[Problem statement]: From the first line to the last, return the data exactly, with no pictures.

[Source material]:
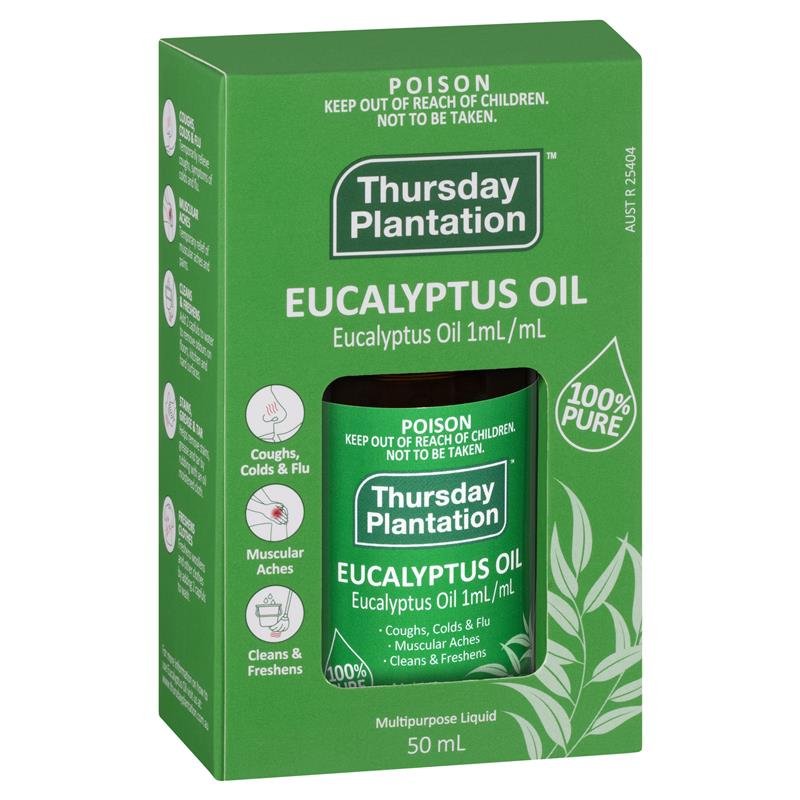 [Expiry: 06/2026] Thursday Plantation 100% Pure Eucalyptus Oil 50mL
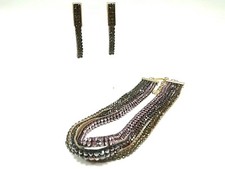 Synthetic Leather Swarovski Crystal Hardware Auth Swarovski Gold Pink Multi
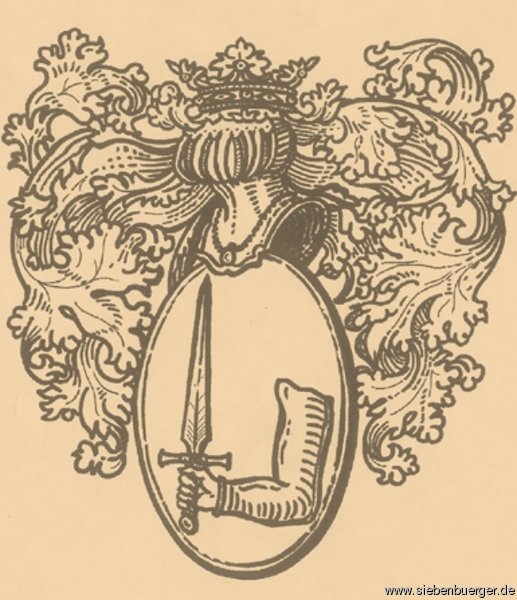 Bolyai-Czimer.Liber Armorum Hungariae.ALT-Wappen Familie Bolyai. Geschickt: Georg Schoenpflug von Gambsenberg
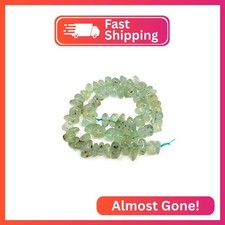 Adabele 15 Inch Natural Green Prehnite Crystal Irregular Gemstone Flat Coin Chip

[Answer to this exercise]:
 [Expiry: 06/2026] Thursday Plantation 100% Pure Eucalyptus Oil 50mL
 Synthetic Leather Swarovski Crystal Hardware Auth Swarovski Gold Pink Multi
 Bolyai-Czimer.Liber Armorum Hungariae.ALT-Wappen Familie Bolyai. Geschickt: Georg Schoenpflug von Gambsenberg
 Adabele 15 Inch Natural Green Prehnite Crystal Irregular Gemstone Flat Coin Chip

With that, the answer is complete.